RicherMans / Dasheng

Source for the Interspeech 2024 Paper "Scaling up masked audio encoder learning for general audio classification"

Apache License 2.0

44 stars 3 forks source link

If Dasheng is used in the diffusion model of the audio field, is there something magical happening? #1

Closed yuyun2000 closed 5 months ago

RicherMans commented 5 months ago

Hey, sorry I don't get the title nor the question.

yuyun2000 commented 5 months ago

I was wrong.

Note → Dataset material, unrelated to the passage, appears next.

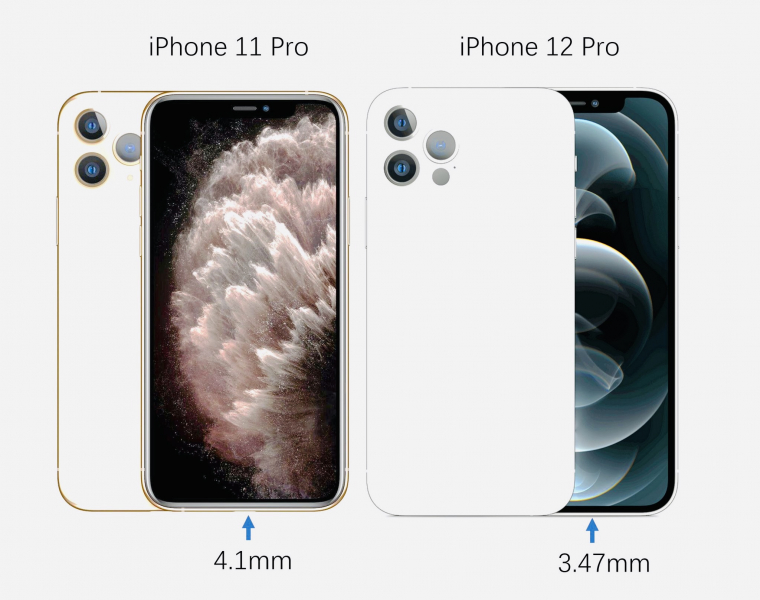 Нижняя рамка iPhone 12 Pro оказалась немного меньше, чем в iPhone 11 Pro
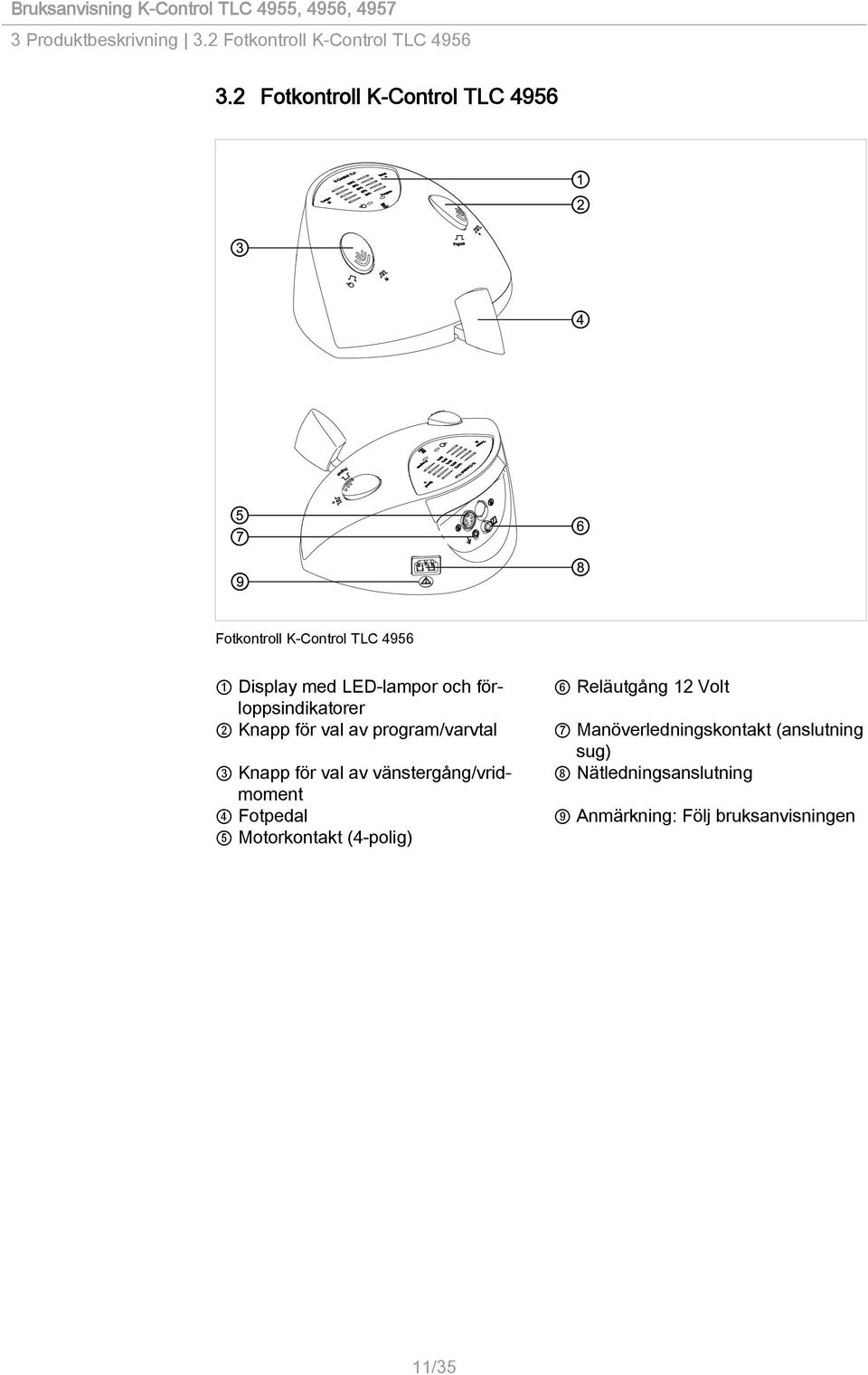 förloppsindikatorer 2 Knapp för val av program/varvtal 3 Knapp för val av vänstergång/vridmoment 4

I thought he was a VAE like model that could be used in diffusion models, but he doesn't have the ability to restore audio

RicherMans commented 5 months ago

Hey, so technically he can, but I don't provide the decoder here. VAE and MAE are both autoencoders, so that's that. If you want you could just attach a decoder ontop of the model and train your own latents.

RicherMans commented 5 months ago

Btw, maybe for your info, but SemantiCodec is a codec based on MAE, which shows promosing performance. I would assume that Dasheng greatly outperforms their AudioMAE. Further Frepainter has shown that MAE based approaches can outperform diffusion for super-resolution.

In both cases you would just need to attach a decoder on your dasheng features and train. I believe you can give it a try :) Kind regards, Heinrich

yuyun2000 commented 5 months ago

I am just a beginner, but if given the opportunity, I will definitely use Dasheng to showcase its capabilities. :)